Description of the task ->
A verbatim restatement of the data, free of pictures, is what you should output.

Records from a collection
....
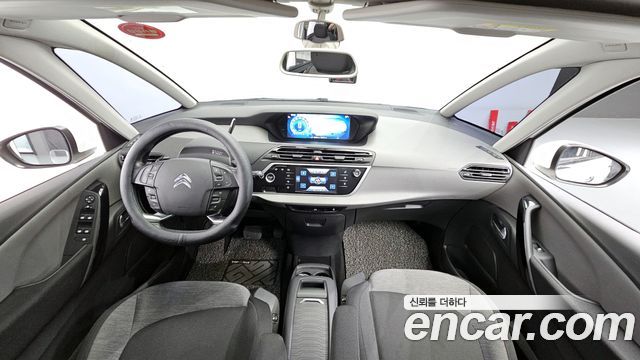 Citroën / DS C4 Picasso 2017 — photo 7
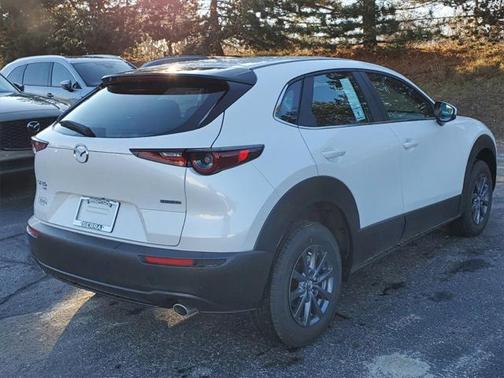 2025 Mazda CX-30 2.5 S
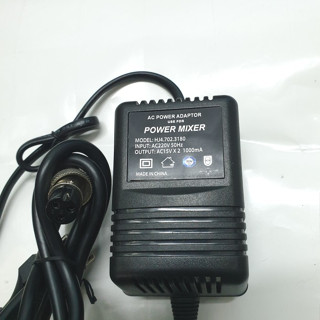 อะแดปเตอร์มิกเซอร์ 15v x 2.1000ma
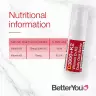 BetterYou Dlux+ Vitamin D+K2 Daily Oral Spray  (12 ml, Natural Peppermint)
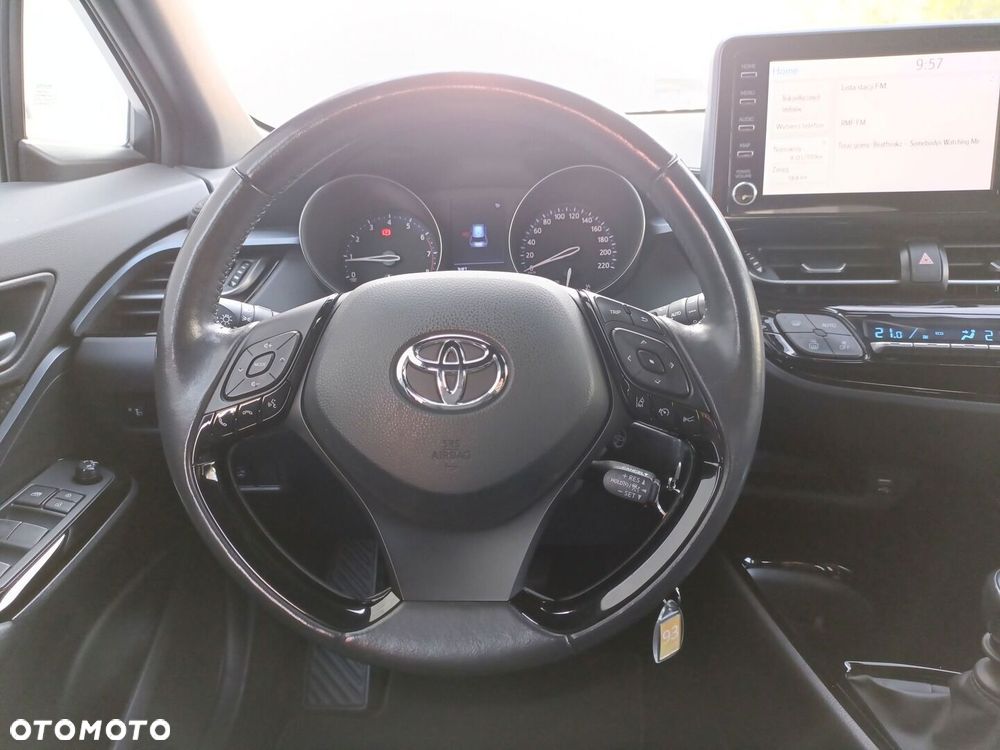 Toyota C-HR 1.2 T Style - 16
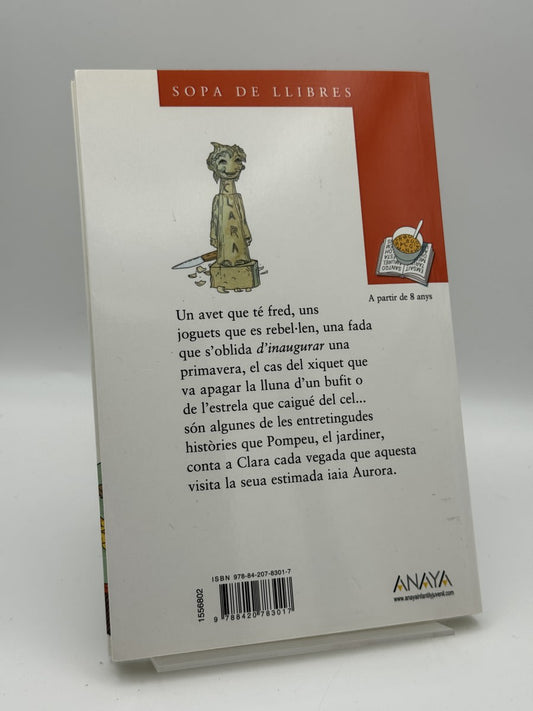 Contes Per a Tot L'any - Carles Cano - Imagen 2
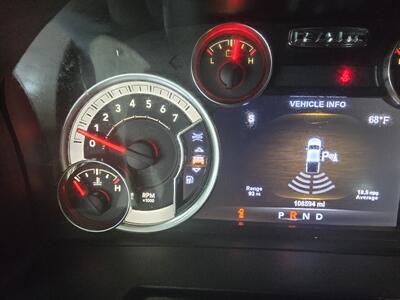 2017 RAM 1500 Big Horn   - Photo 21 - Hamilton, OH 45015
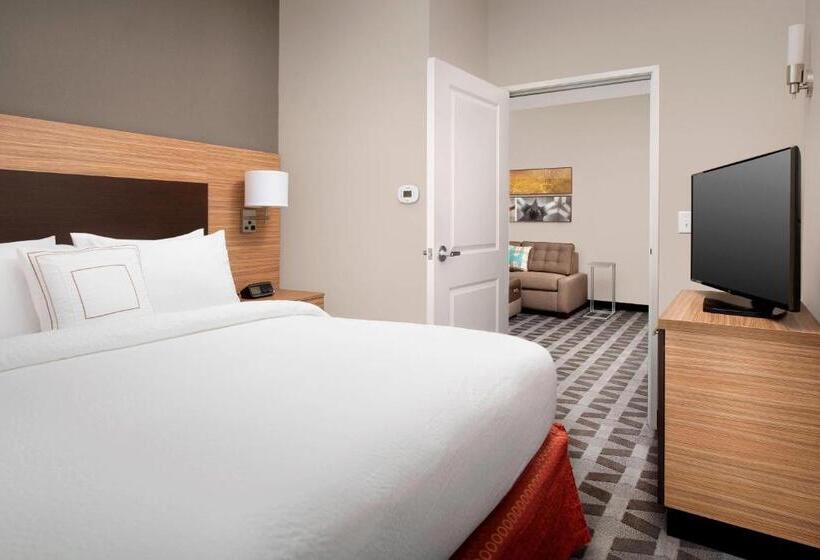스위트 킹사이즈 침대, Towneplace Suites By Marriott College Park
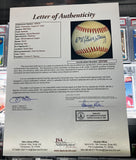 Bill Terry Signed Rawlings Baseball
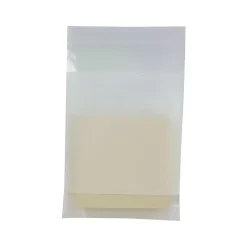 Best SI Products 4" x 6" Reclosable Poly Bags, 2 Mil, Clear, 1000/Carton (3950A)
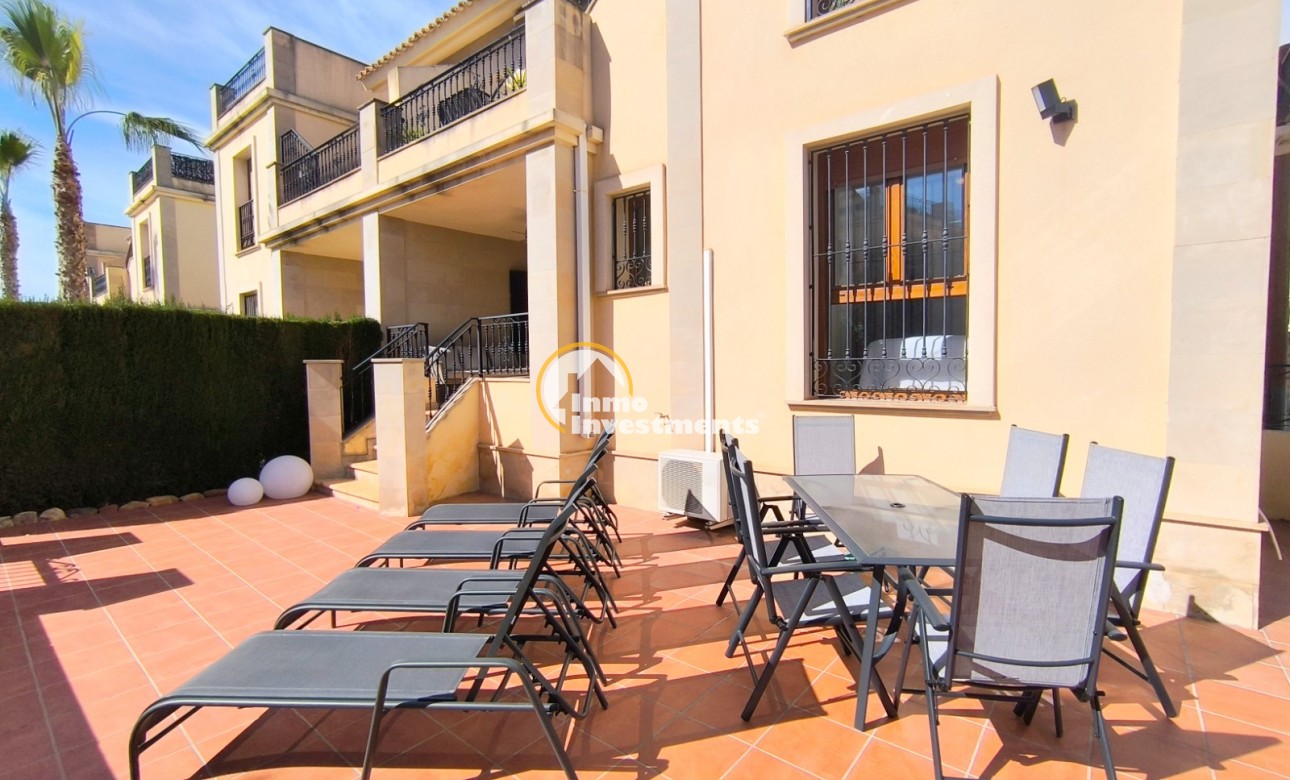 Resale - Apartment - Algorfa - La Finca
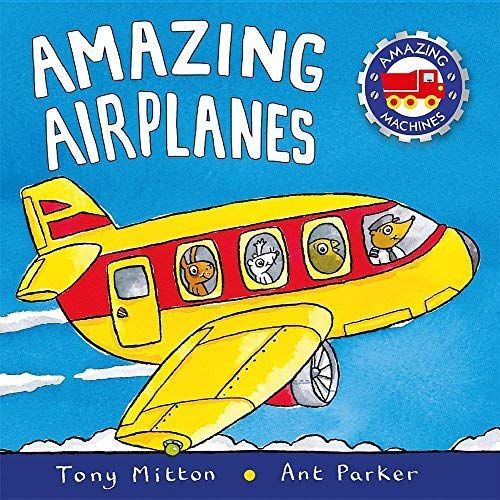 Amazing Airplanes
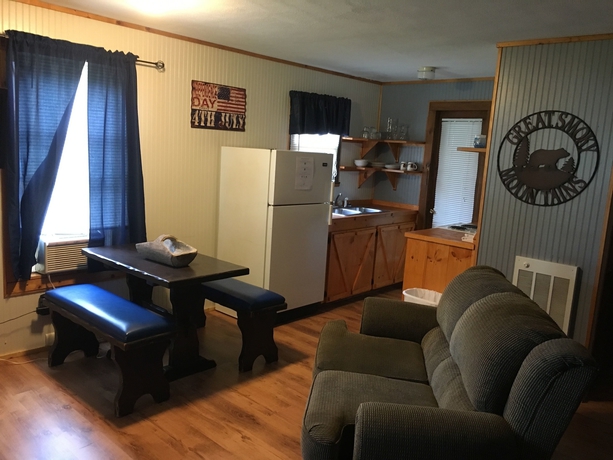 Imagen de la habitación del Hotel Smoky View Cottages and Rv Resorts. Foto 6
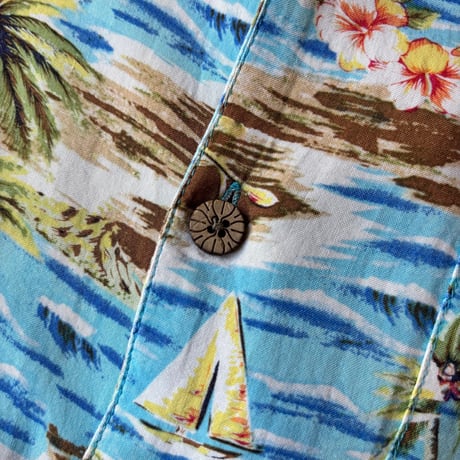 Rayon Aloha S/S Shirt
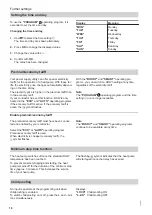 Preview for 18 page of Viessmann T0E 060-A Operating Instructions For The System User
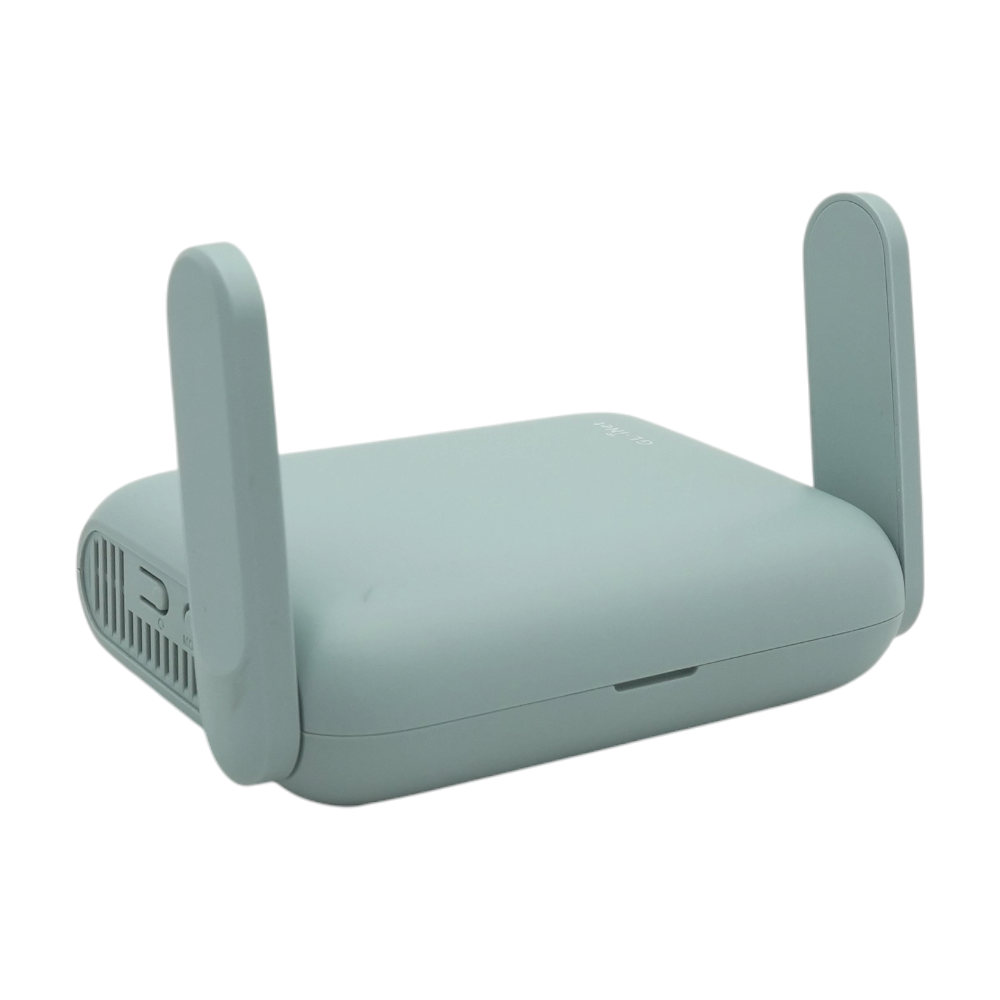 Blue GL-MT3000 Router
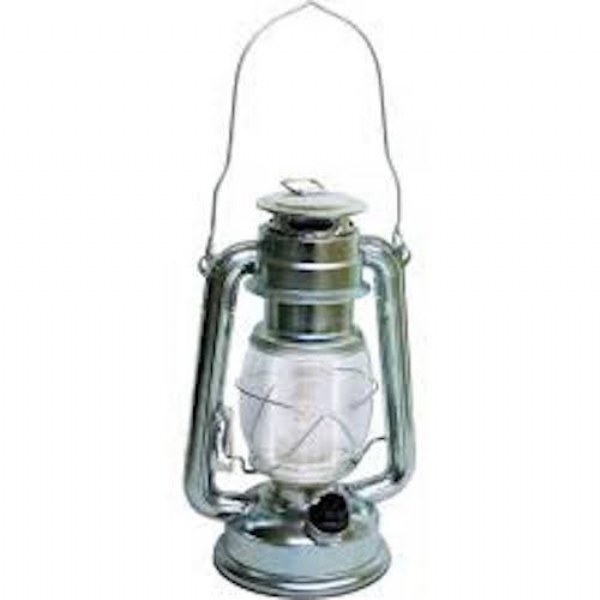 Olde Brooklyn Lantern LED Light Battery Powered Dimmable Appears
....
Result ->
 Citroën / DS C4 Picasso 2017 — photo 7
 2025 Mazda CX-30 2.5 S
 อะแดปเตอร์มิกเซอร์ 15v x 2.1000ma
 BetterYou Dlux+ Vitamin D+K2 Daily Oral Spray  (12 ml, Natural Peppermint)
 Toyota C-HR 1.2 T Style - 16
 Contes Per a Tot L'any - Carles Cano - Imagen 2
 2017 RAM 1500 Big Horn   - Photo 21 - Hamilton, OH 45015
스위트 킹사이즈 침대, Towneplace Suites By Marriott College Park
 Bill Terry Signed Rawlings Baseball
 Best SI Products 4" x 6" Reclosable Poly Bags, 2 Mil, Clear, 1000/Carton (3950A)
 Resale - Apartment - Algorfa - La Finca
 Amazing Airplanes
 Imagen de la habitación del Hotel Smoky View Cottages and Rv Resorts. Foto 6
 Rayon Aloha S/S Shirt
 Preview for 18 page of Viessmann T0E 060-A Operating Instructions For The System User
 Blue GL-MT3000 Router
 Olde Brooklyn Lantern LED Light Battery Powered Dimmable Appears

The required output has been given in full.